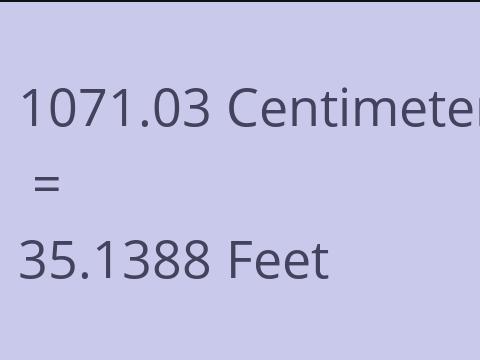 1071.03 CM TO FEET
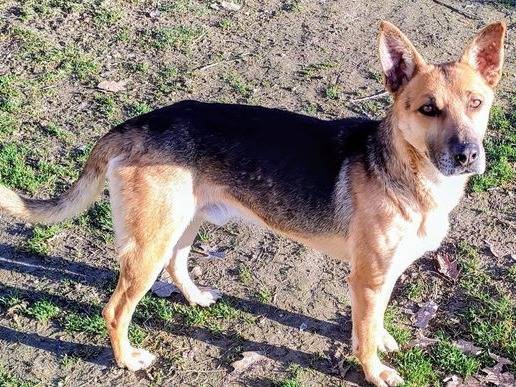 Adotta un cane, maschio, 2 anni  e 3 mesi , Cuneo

==

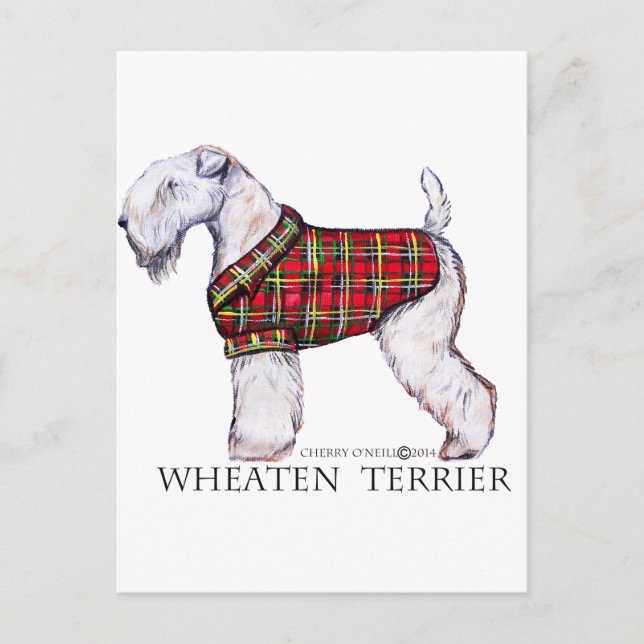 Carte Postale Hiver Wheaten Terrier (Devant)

**WHAT YOU ARE ASKED TO DO**
Both the line containing "1071.03 CM TO FEET" and the line containing "Adotta un cane, maschio, 2" above belong in the output, as do the lines between them. Print them exactly, without pictures.

**PROBLEM SOLUTION**
 1071.03 CM TO FEET
 Adotta un cane, maschio, 2 anni  e 3 mesi , Cuneo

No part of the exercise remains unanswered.